Clifton Hall Girls' Grammar School was a girls grammar school at Clifton Hall, in Clifton, Nottingham.

History
There were two buildings: the old Clifton Hall and a new building further up in the grounds, this latter housed the school's Science dapartment, Art rooms and Assembly Hall. Clifton Hall had some great rooms, for example the well-known, "Red Room" (whose ceiling featured the Clifton family's many coats of arms) and was reputed to be haunted; a reputation, perhaps, deriving from the intense, almost claustrophobic depth of vermillion paint used in this room.
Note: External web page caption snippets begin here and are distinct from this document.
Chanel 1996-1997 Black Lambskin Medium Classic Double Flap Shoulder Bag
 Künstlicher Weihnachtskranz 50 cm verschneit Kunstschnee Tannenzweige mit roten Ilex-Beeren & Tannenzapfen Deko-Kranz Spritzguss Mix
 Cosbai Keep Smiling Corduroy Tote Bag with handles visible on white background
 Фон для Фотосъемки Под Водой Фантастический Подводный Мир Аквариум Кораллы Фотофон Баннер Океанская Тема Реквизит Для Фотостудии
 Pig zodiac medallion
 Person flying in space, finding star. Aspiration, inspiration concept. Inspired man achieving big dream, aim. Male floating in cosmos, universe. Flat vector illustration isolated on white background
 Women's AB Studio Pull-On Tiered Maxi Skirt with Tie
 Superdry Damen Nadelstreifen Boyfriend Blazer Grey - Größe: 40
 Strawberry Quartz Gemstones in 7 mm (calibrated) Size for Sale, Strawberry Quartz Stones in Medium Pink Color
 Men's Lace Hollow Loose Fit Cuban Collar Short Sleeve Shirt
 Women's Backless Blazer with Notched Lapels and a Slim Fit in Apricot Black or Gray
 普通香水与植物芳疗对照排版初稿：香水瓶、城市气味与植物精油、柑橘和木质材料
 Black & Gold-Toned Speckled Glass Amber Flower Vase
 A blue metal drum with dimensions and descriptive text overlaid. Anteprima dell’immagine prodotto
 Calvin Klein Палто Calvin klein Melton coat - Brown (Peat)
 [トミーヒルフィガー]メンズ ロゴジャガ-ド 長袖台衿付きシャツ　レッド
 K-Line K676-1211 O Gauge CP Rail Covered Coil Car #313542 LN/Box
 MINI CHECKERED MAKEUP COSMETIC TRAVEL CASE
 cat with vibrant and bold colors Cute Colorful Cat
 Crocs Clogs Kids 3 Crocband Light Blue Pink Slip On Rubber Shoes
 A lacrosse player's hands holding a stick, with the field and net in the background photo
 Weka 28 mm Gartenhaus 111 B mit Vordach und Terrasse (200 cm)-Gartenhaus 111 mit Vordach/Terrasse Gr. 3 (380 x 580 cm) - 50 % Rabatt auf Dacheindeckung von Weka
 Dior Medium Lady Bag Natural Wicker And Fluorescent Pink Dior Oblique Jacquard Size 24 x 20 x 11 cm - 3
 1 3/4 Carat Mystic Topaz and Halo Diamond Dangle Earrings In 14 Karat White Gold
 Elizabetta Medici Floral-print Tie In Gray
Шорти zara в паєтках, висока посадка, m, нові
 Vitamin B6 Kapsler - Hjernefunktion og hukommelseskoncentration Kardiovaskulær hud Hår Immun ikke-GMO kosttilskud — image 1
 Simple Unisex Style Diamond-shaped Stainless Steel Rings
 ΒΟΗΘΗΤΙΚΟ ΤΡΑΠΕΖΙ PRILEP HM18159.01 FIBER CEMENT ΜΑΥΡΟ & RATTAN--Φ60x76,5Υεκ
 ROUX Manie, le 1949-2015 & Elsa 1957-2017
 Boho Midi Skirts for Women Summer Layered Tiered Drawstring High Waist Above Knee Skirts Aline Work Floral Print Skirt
The head teacher at the school when it first opened was Miss Heron; she died of cancer around 1970.  She was succeeded by Miss Squire.

On 13 January 1970, sixth-former 17-year-old Sandra Simpkin married 22-year-old Alan Barnes, a window cleaner, at a register office. She was given a day off lessons to attend the ceremony. Marriages such as sixth-formers at school were and still are rare.

Closure
When the school finally closed in July 1976, a large model of a Phoenix - (the school's emblem) - was burnt to signify the end of the school. The uniform was all purple, skirt, blazer, purple/yellow tie and a white blouse.  On closing, the buildings became part of Nottingham Trent University. In 2004 they were up for sale for £500,000.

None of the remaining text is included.